Here are the general page formatting rules for APSA:

  • Easy-to-read font style, i.e., Times New Roman 
  • 12-pt size font size
  • 1-inch margins on all sides
  • Left-aligned text
  • Double-spacing between lines

By following these basic rules in your document, you can set up an APSA-compliant paper. These page set-up guidelines are common with Chicago and other styles and are not unique to APSA.

Moreover, the layout of the APSA-style paper includes the following sections: 

  • Title Page & Abstract
  • The main body of the paper
  • In-text citations
  • The list of references

These sections cover the important parts of all kinds of academic writing, including paper information, the main text, and citations and references.

How to Make a Title Page in APSA Style?

The title page mentions and displays essential information about the paper. It includes information like the full name of the student, the title of the paper, the name of the subject, and the deadline of the paper. 

To make a title page in APSA style, you need to follow these steps:

  • Use a standard font like Times New Roman, 12 pt, and set one-inch margins on all sides of the page.
  • Place the title of your paper in the center of the page, about one-third of the way down. Capitalize the first letter of each word in the title, except for articles, prepositions, and conjunctions. If your title has a subtitle, separate it from the main title with a colon.
  • Next, type your name and your institutional affiliation several lines below the title. If you have multiple authors or affiliations, list them on separate lines.
  • On the next line, type the name and number of the course for which you are writing the paper.
  • On the next line, type the name of your instructor or supervisor.
  • On the next line, type the date of submission in month-day-year format.
  • Do not include a running head or a page number on the title page.

Here is an example of a title page in APSA style:

How to Write In-Text Citations in APSA Format?

In-text citations are used to acknowledge the sources of information, ideas, or quotations that you have used in your paper. They are important for avoiding plagiarism and giving credit to the original authors.

APSA uses parenthetical citations with the author-date format. That is, you cite a source with the author’s last name and the year of publication within parentheses right after the source is mentioned. 

For example,

In a recent study of reaction times (Walker 2000)...  

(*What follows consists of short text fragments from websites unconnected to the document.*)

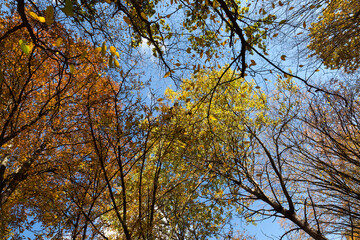 deciduous trees during leaf fall in autumn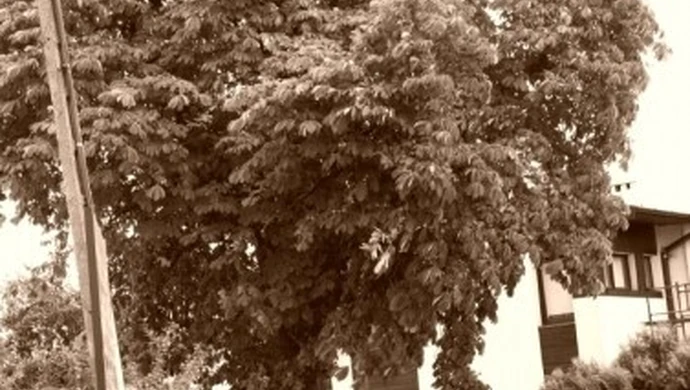 Problem z remontem... kasztanowiec na drodze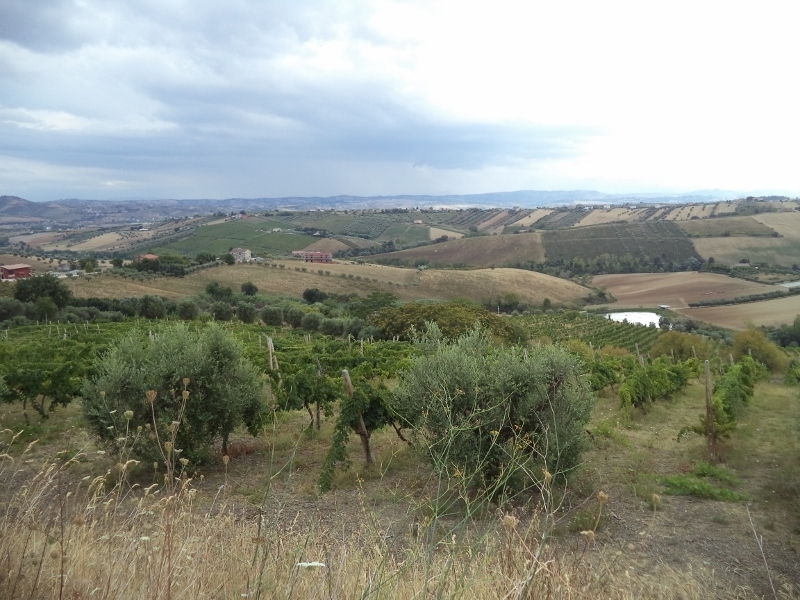 Immagine 3 di Casa indipendente in vendita  a Colonnella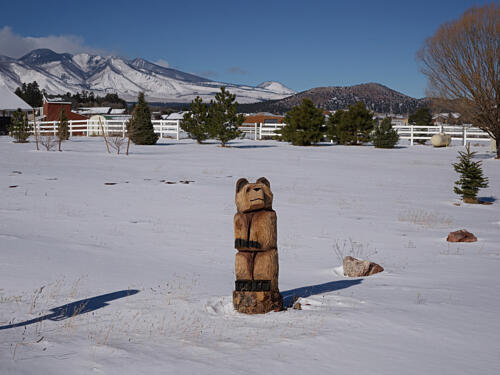 A Carved Bear Outside Winona, Arizona Art Print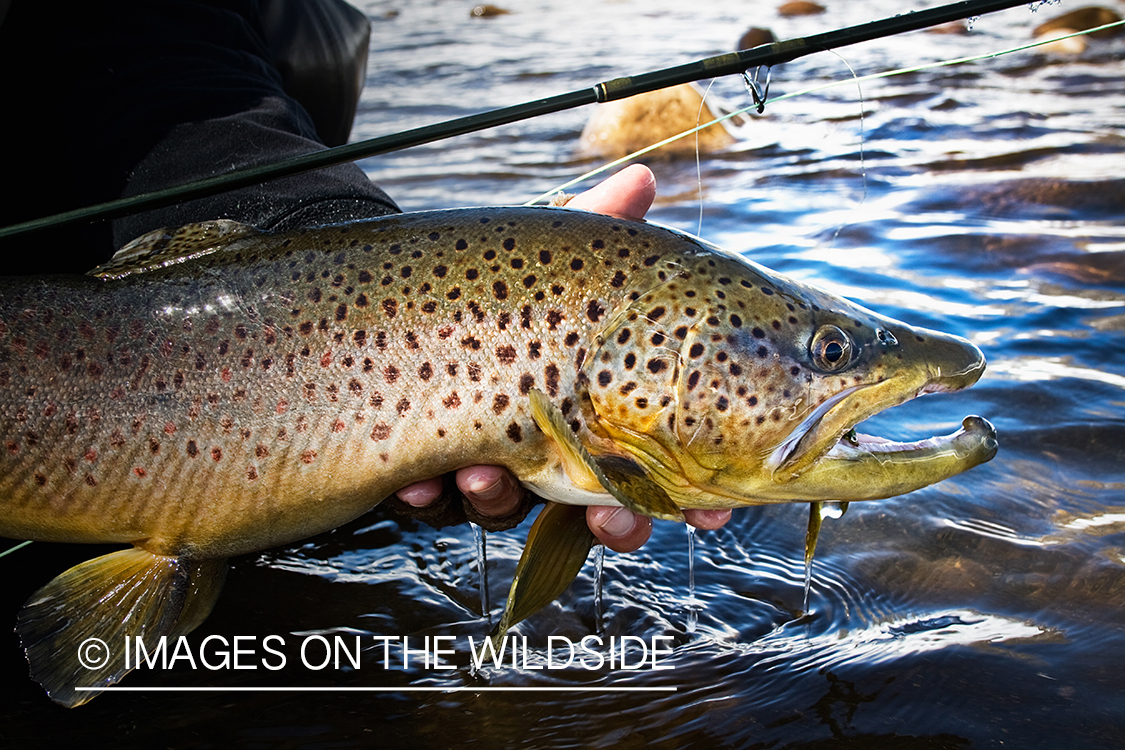 Brown trout.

Here are more guidelines for APSA in-text citations with examples:

  • If you mention the author's name in your text, you only need to add the year of publication in parentheses after the name. For example:

Walker (2000) compared reaction times... 

  • If you use a direct quote from a source, you need to add the page number where you found the quote after the year of publication, separated by a comma. Use quotation marks around the quote and place the citation after the closing quotation mark. For example:

According to Jones (1998), “Students often had difficulty using APSA style” (199) 

  • If you paraphrase or summarize an idea from a source, you do not need to add the page number, unless it is required by your instructor or publisher. However, it is good practice to provide the page number if available. For instance:

She stated, “Students often had difficulty using APSA style.” (Jones 1998, 199)  

  • If you cite more than one source in the same parentheses, separate them by semicolons and list them alphabetically by the author's last name. For example: 

(Johnson 2015; Smith 2010; Walker 2000)

  • When citing a source that has no author, use the title or a shortened version of it instead of the name. Use quotation marks for article or chapter titles and italicize book or website titles. For example: 

("APSA Citation Style" 2023) or (APSA 2023)

  • If you cite a source that has no date, use n.d. instead of the year. Here’s an example of how it looks like: 

(Jones n.d.)

  • If you cite a source that has four or more authors, use et al. after the first author's name. Here’s an example: 

(Smith et al. 2010)

How to Create References in APSA Style?

The references list page contains detailed information on the sources an author has used in their paper. To create references in APSA style, you need to follow these steps:

  • Start a new page at the end of your paper and title it "References".
  • List all the sources that you have cited in your paper in alphabetical order by the author's last name. If a source has no author, use the title instead.
  • Use a hanging indent for each entry, which means that the first line of each entry is flush with the left margin, and the subsequent lines are indented by half an inch.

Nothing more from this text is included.